- **DATASET EXCERPTS**:
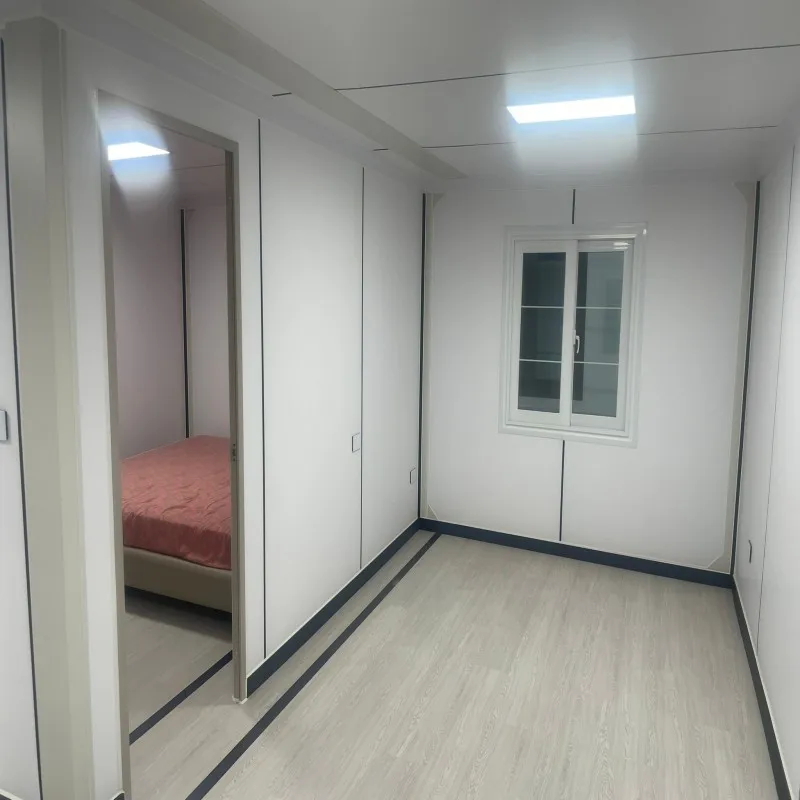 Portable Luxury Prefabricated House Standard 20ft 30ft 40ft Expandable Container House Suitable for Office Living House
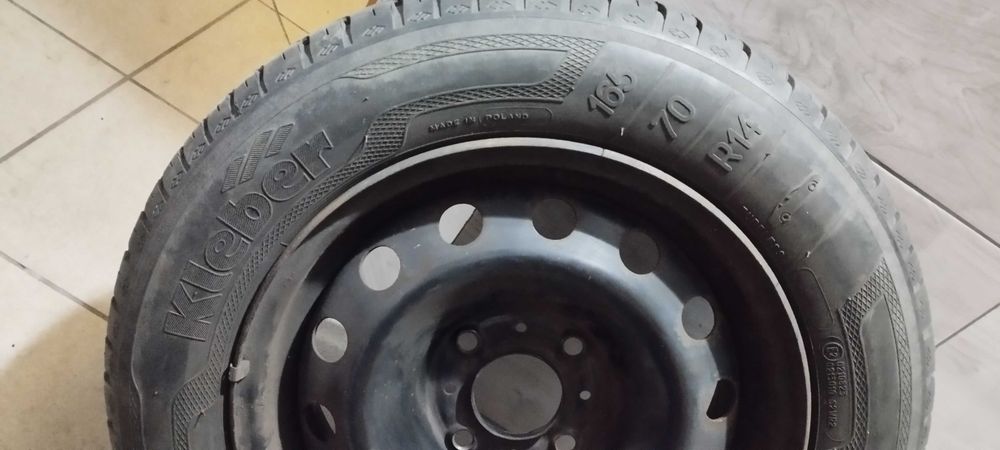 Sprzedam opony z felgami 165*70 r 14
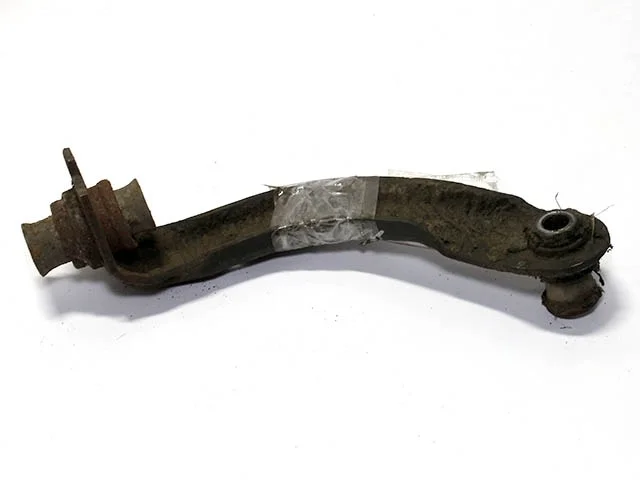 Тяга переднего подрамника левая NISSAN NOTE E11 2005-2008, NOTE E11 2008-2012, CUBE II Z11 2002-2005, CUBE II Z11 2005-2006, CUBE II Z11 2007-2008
---
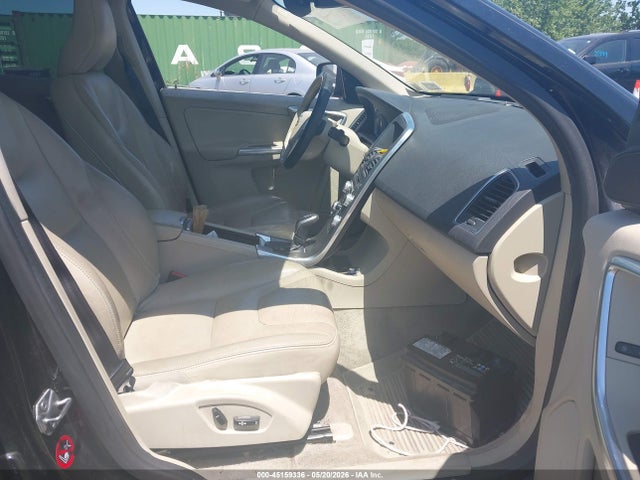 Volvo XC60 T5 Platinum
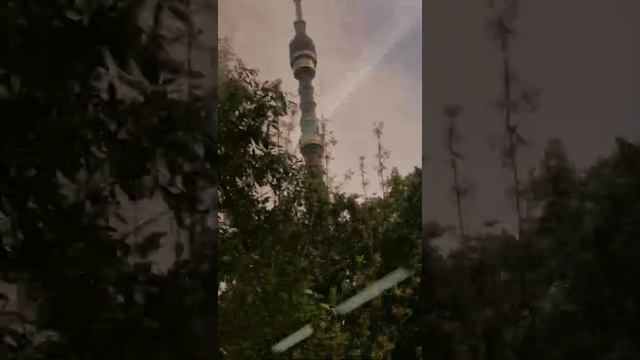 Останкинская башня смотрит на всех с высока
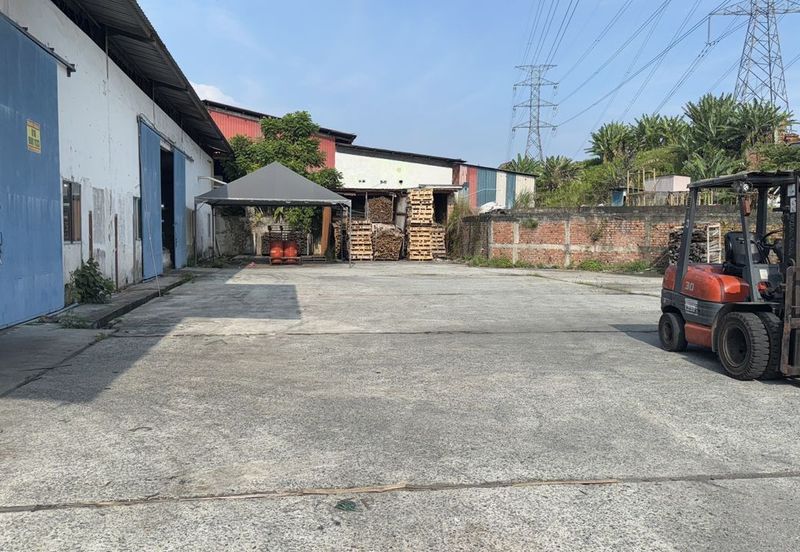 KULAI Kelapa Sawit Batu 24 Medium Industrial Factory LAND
--
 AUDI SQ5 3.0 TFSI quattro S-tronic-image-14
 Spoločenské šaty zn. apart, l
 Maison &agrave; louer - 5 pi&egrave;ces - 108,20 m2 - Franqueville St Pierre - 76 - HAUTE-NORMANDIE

- **INSTRUCTIONS TO FOLLOW**: Using the entries above, give again exactly the lines from the line holding "Spoločenské šaty zn. apart, l" through the line holding "Maison &agrave; louer". Include both end lines and nothing else.

- **EXPECTED ANSWER**:
 Spoločenské šaty zn. apart, l
 Maison &agrave; louer - 5 pi&egrave;ces - 108,20 m2 - Franqueville St Pierre - 76 - HAUTE-NORMANDIE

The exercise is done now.